In the Tang Dynasty (618 to 907), blue-green paintings matured into a distinct painting style, drawing influence from Buddhist art. Blue and green pigments and Buddhist art forms were made accessible through the Silk Road trade routes that stretched from the Mediterranean sea to China and directly influenced the formation of the blue-green landscape painting genre. The blue–green landscapes found in the murals of the Mogao Grottoes in Dunhuang, a treasure cove of Chinese Buddhist art located along the Silk Road, catalog the considerable development of this genre during the Tang Dynasty. 

Painting from Cave 103, the Mogao Grottoes, Tang Dynasty (618–907)

The Song Dynasty (960-1279) marked an important shift in mainstream aesthetics within landscape paintings. Ink wash paintings established a dominant position within the genre, with the technique and philosophy behind the monochrome style gaining more favor over its more colorful blue-green counterpart. 

From here on out, there were still significant works of blue-green landscape paintings made in subsequent dynasties by artists such as Zhao Boju, Qian Xuan, and Qiu Ying. Wang Ximeng’s A Panorama of Rivers and Mountains, one of the most well-known blue-green landscape masterpieces, also came out of this period. However, on a whole, blue-green landscape paintings became more of a niche style and retreated to the background, until its revival in the modern era. 

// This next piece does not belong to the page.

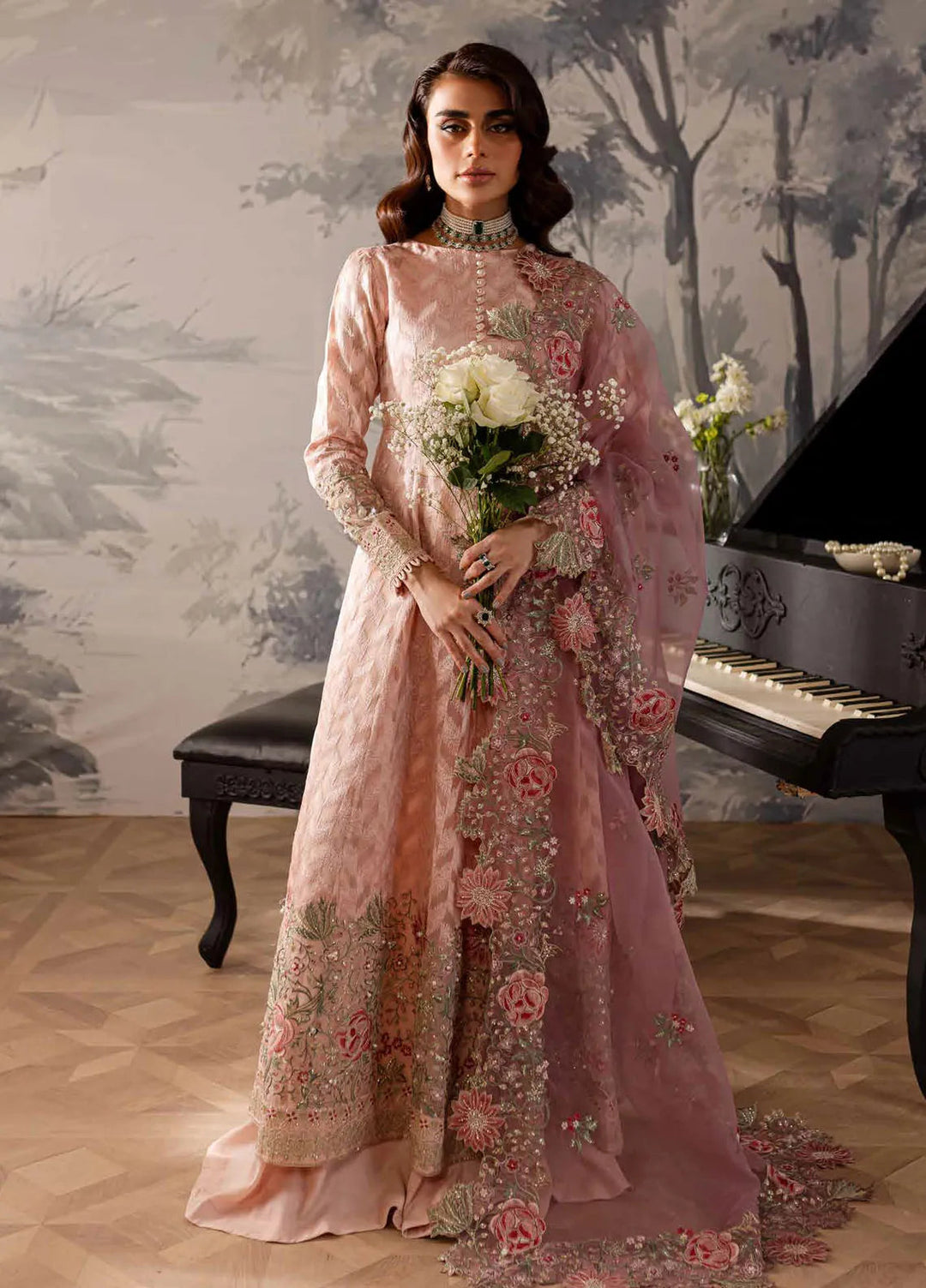 Elanora By Nureh Embroidered Organza Suit Unstitched 4 Piece NU24EC NEL-55 - Formal Collection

A Panorama of Rivers and Mountains, Wang Ximeng (1096-1119), Northern Song Dynasty

Dwelling in the Mountains, Qian Xuan (1235–1305), Yuan Dynasty 

Ode to the Red Cliff in Zhao Bosu’s Style, Wen Zhengming (1470–1559), Ming Dynasty

Fast forward to the era of modern Chinese art in the 20th century, blue-green landscapes saw another burst of creativity and innovation with the appearance of Zhang Daqian (1899-1983). Zhang Daqian cemented his status as one of the best-known and best-selling artists of his era with his unique type of  'splashed color' landscape paintings, where he uses intense blue-green mineral pigments and broad, layered washes of ink to create emotive, abstract landscapes.  

Residing within Mountains, Zhang Daqian (1898-1983)

Despite being relegated to the background of landscape paintings over the centuries, the brilliance of blue-green landscape paintings leaves an indelible mark on those who have seen them. Our first collection is a tribute to the overflowing beauty and romanticism found among these mountains and rivers, layers of ink, and lustrous blue-green pigments that still remain resplendent after thousands of years.